By comparison, the Covid-19 corona virus had roughly a .7% mortality rate.

Why did you use this as an example when you had no clue what you were talking about. Thus far, your own example has defeated you at every turn.

You're attempting to compare different types of virus, in defferent eras and ages of technology. Smallpox is not a corona virus.

Smallpox has been a significant threat to society, globally, since the times of ancient egypt, and likely well before that. Egyptican mummies have been examined which bear evidence that the person died of smallpox, and it wiped out the new world as it was being discovered by the old. Even the fledgling continental army in the US lost a battle as a result of smallpox racing through the ranks, and it wasn't until 1980 that it was declared eradicated, despite vaccination efforts in various forms for over several hundred years. With up to fifteen million catching the disease annually and five million of those dying, smallpox was not a minor concern; during the periods of the first and second world war, more died of smallpox than from the war. Smallpox is the single biggest killer in the recorded history of the world, estimated at over four hundred million deaths (some estimates as high as five hunded million) attributed to the disease in a 3,000 year period. Go figure.

Smallpox had no zoological harbor: its host was people. Numerous other poxes were transmissible between humans and animals, including cowpox, which gave rise to the intial successful vaccine efforts, but smallpox did not exist in animals and wasn't transmissible via animals, meaning eradication was possible by working within the human population. The same is not true of the SARS virus of Covid19, which is transmissible via animal hosts, and given the inability to vaccinate the entire animal kingdom in the wild, means that eradication will be nearly extremely unlikely, or impossible.

Vaccines do not provide 100% protection. This should not surprise you. You are attempting to compare radically different diseases, as well as vaccines, as well as the methodology and means of vaccination. It should be noted that smallpox vaccine was a live-virus vaccine, applied with two needles dipped in the vaccine; the reaction was topical, on the skin, and had to be covered. The vaccine itself, and the resulting skin reaction and scab from thke vaccination, was contagious, and could spread small pox or inect others, and it did. This was not possible with any of the Covid vaccinations, despite wild ideas to the contrary. Smallpox vaccination proved up to 95% successful in preventing transmission to the vaccinated, and reduced infection severity for those who had become infected at the time of vaccination. Two variants of the smallpox vaccine were largely responsible for nearly all deaths over a three thousand year period, whereas numerous mutations were possible due to the type of virus involved with the SARS covid 19. Smallox variation amounted to a major and minor, with the major causing the most deaths. Deaths from Covid were entirely different, with many of the deaths being immunoresponses to the virus, but not the direct result of the Virus. One might think of smallpox deaths as the bullet fired from a gun; one might think of covid-related deaths in which the virus served as a primer, but often not the bullet itself. Covid set in motion numerous mechanisms that ultimately lead to long term effects, death, and complications such as lung scarring, etc.

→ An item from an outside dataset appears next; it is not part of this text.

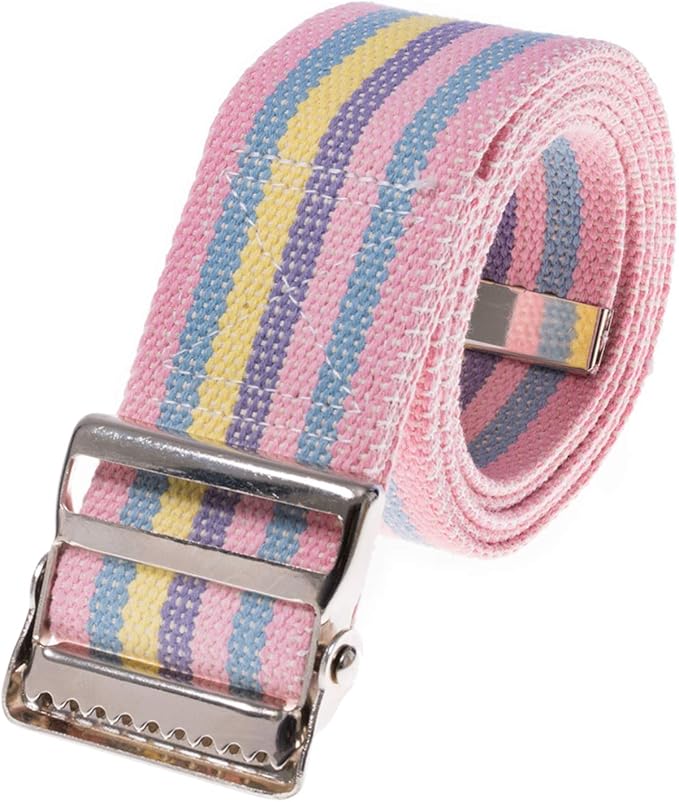 COW&COW Transfer and Gait Belt with Metal Buckle - Transfer Walking and Standing Assist Aid for Caregiver Nurse Therapist 2 inches (Rainbow, 54 Inch(Pack of 1))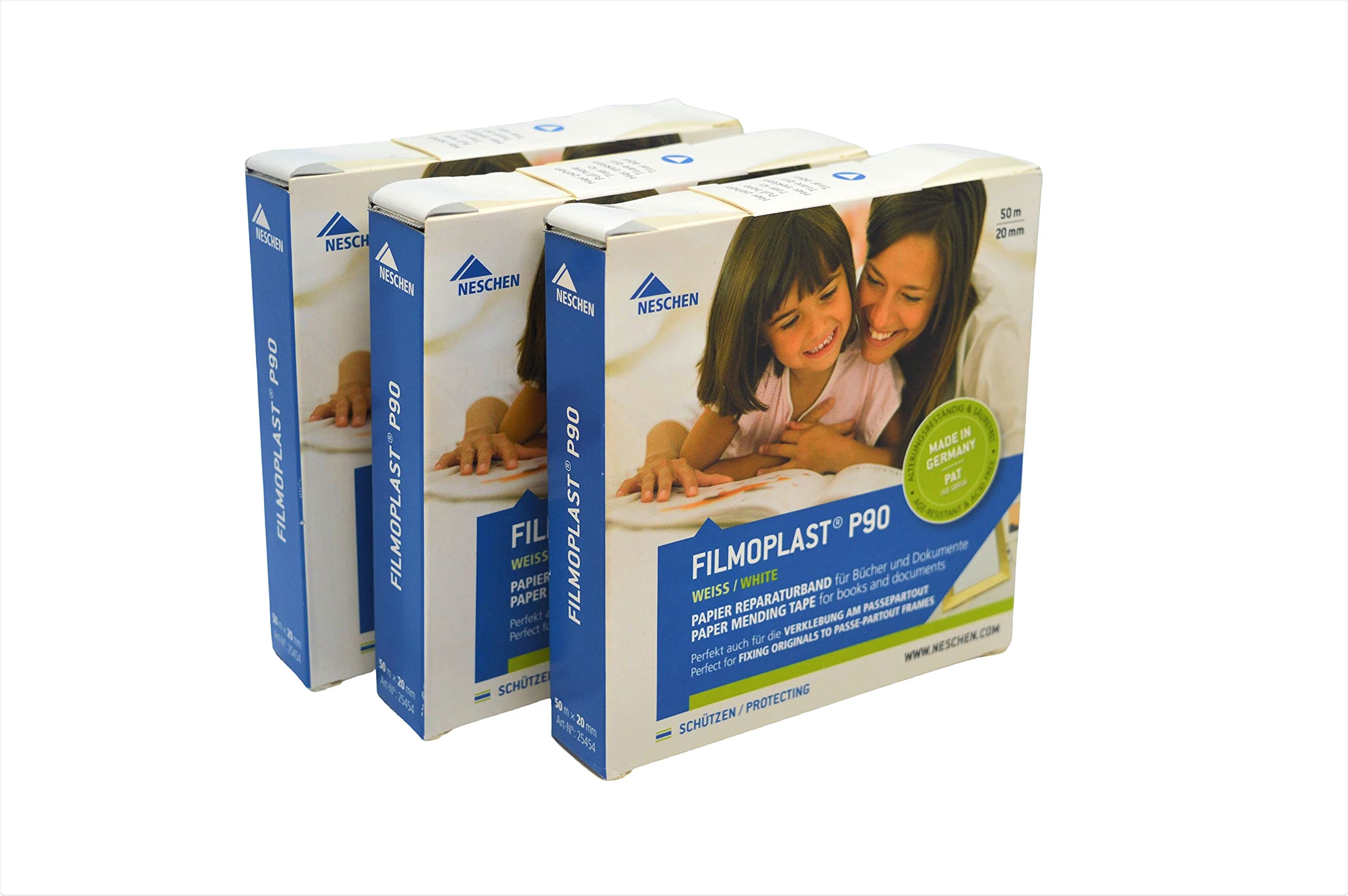 Filmoplast P90 x3 white book repair tape - THREE ROLLS [D&M]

What you do not seem to understand (in addition to nearly everything else you've attempted to present, which clearly you do not understand) is that the efficacy of a vaccine is not an absolute value. A vaccine with 93% efficacy does not mean that 7% will be infected, and does not mean that 93% will not, when exposed to the pathogen. Efficacy is a measure of risk, rather than a hard number; thus, an efficacy of 93% suggests a 93% lower risk of becoming infected.

It's well to note that particualrly in the case of Covid, given that much of the signs and symptoms were not universal and were largely a function of individual immunoresponse, as well as underlying comorbidity, and other complications (pneumonia being common among them), the reaction was not universal. One infected person might die, while another infected person might exhibit little or no symptom. In many cases, vaccination played a large role in reducing the signs and symptoms of an infection, such that one might "get" the disease, but suffer considerably less as a result, over a shorter duration, and be less transmissible. By any measure, that is a success.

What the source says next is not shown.